Problem requirements:
A faithful transcript of all the lines below, with no pictures, is the goal here.

(Data entries)
+===+

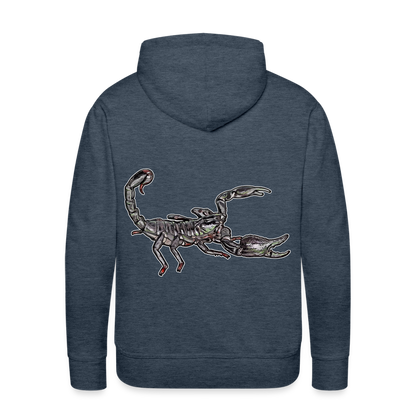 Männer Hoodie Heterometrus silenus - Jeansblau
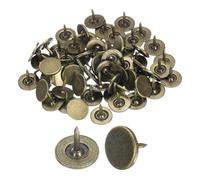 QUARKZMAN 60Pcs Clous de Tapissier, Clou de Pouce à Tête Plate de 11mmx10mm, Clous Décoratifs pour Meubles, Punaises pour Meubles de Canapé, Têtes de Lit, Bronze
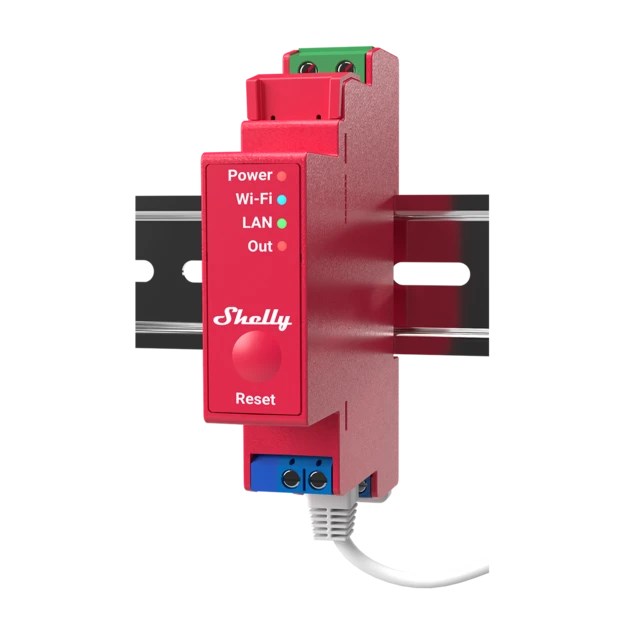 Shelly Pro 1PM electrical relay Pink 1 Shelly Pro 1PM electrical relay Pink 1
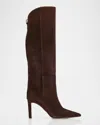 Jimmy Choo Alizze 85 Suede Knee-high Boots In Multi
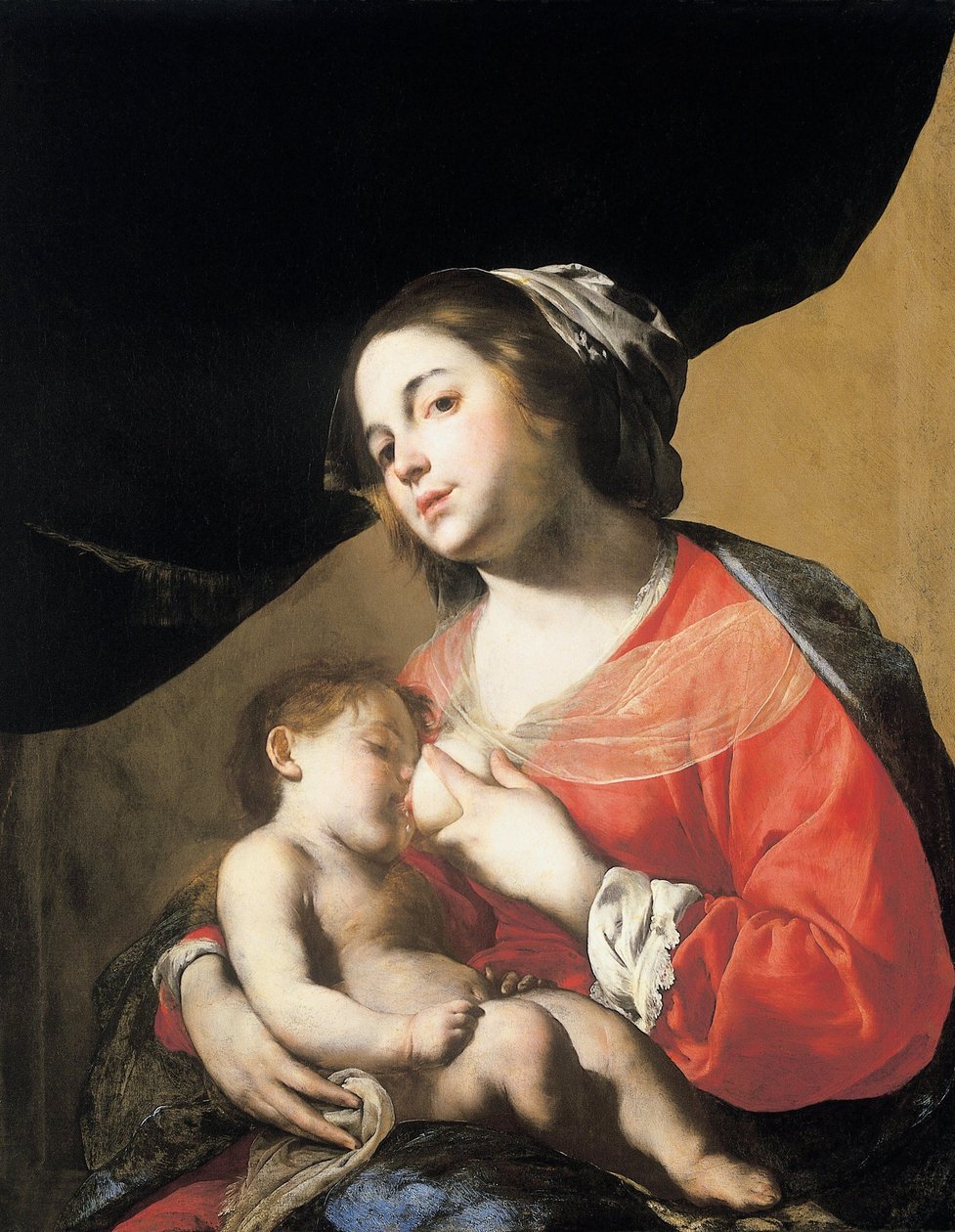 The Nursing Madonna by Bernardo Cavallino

+===+

The answer:
 Männer Hoodie Heterometrus silenus - Jeansblau
 QUARKZMAN 60Pcs Clous de Tapissier, Clou de Pouce à Tête Plate de 11mmx10mm, Clous Décoratifs pour Meubles, Punaises pour Meubles de Canapé, Têtes de Lit, Bronze
 Shelly Pro 1PM electrical relay Pink 1 Shelly Pro 1PM electrical relay Pink 1
 Jimmy Choo Alizze 85 Suede Knee-high Boots In Multi
 The Nursing Madonna by Bernardo Cavallino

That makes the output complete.